Recorded data:

*-*-*

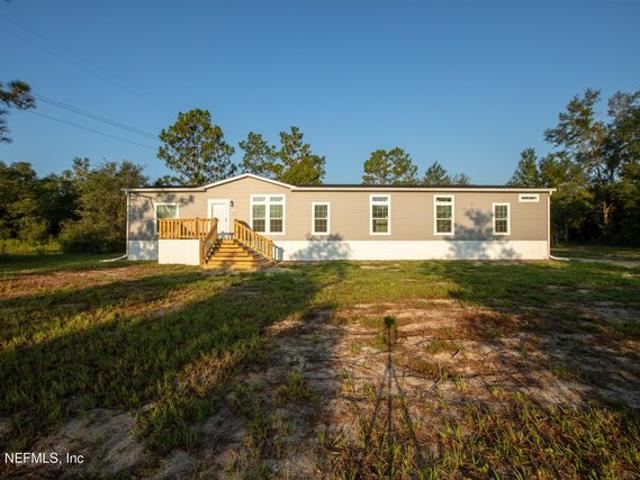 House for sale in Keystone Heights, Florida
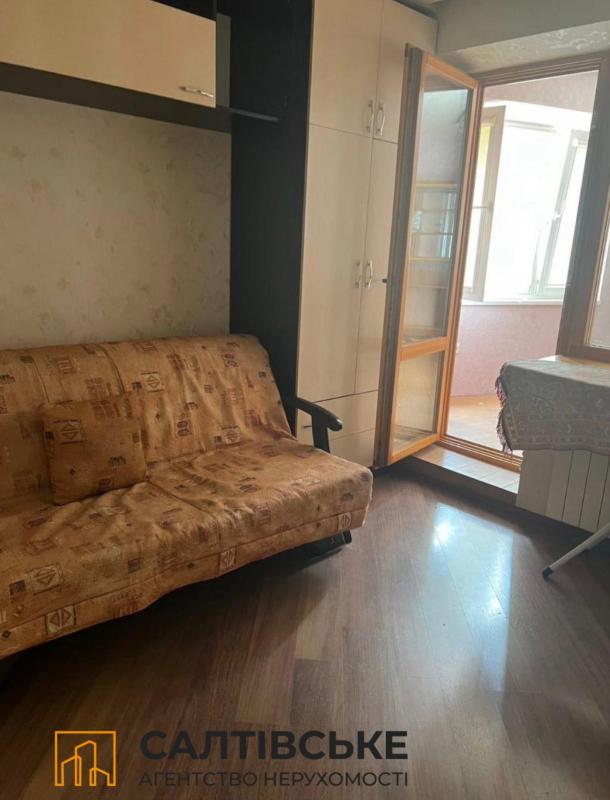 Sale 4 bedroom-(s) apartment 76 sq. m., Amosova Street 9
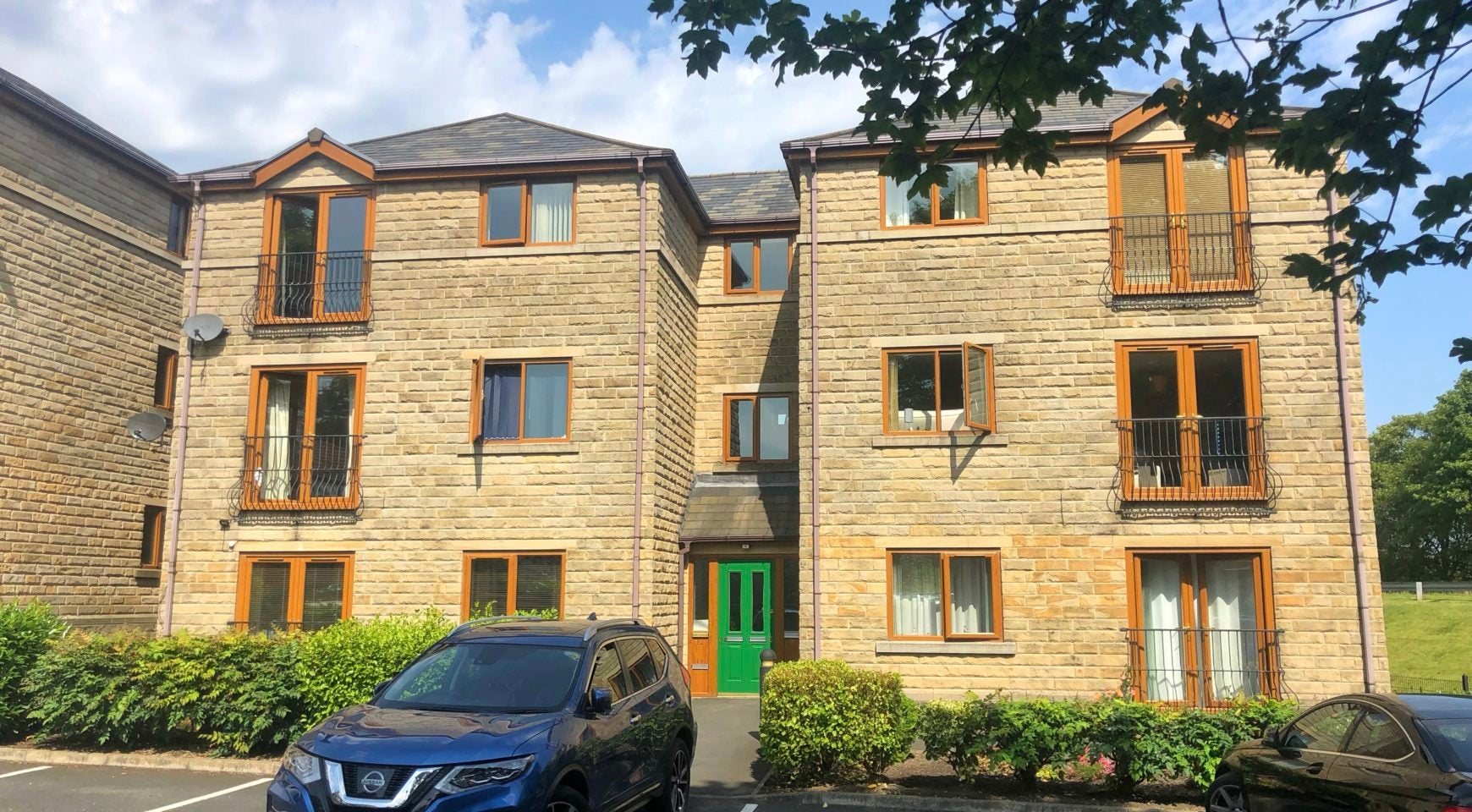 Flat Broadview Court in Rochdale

*-*-*

Instructions for the task:
Give back the whole listing exactly as written. Do not include any picture.

Solution for this problem:
 House for sale in Keystone Heights, Florida
 Sale 4 bedroom-(s) apartment 76 sq. m., Amosova Street 9
 Flat Broadview Court in Rochdale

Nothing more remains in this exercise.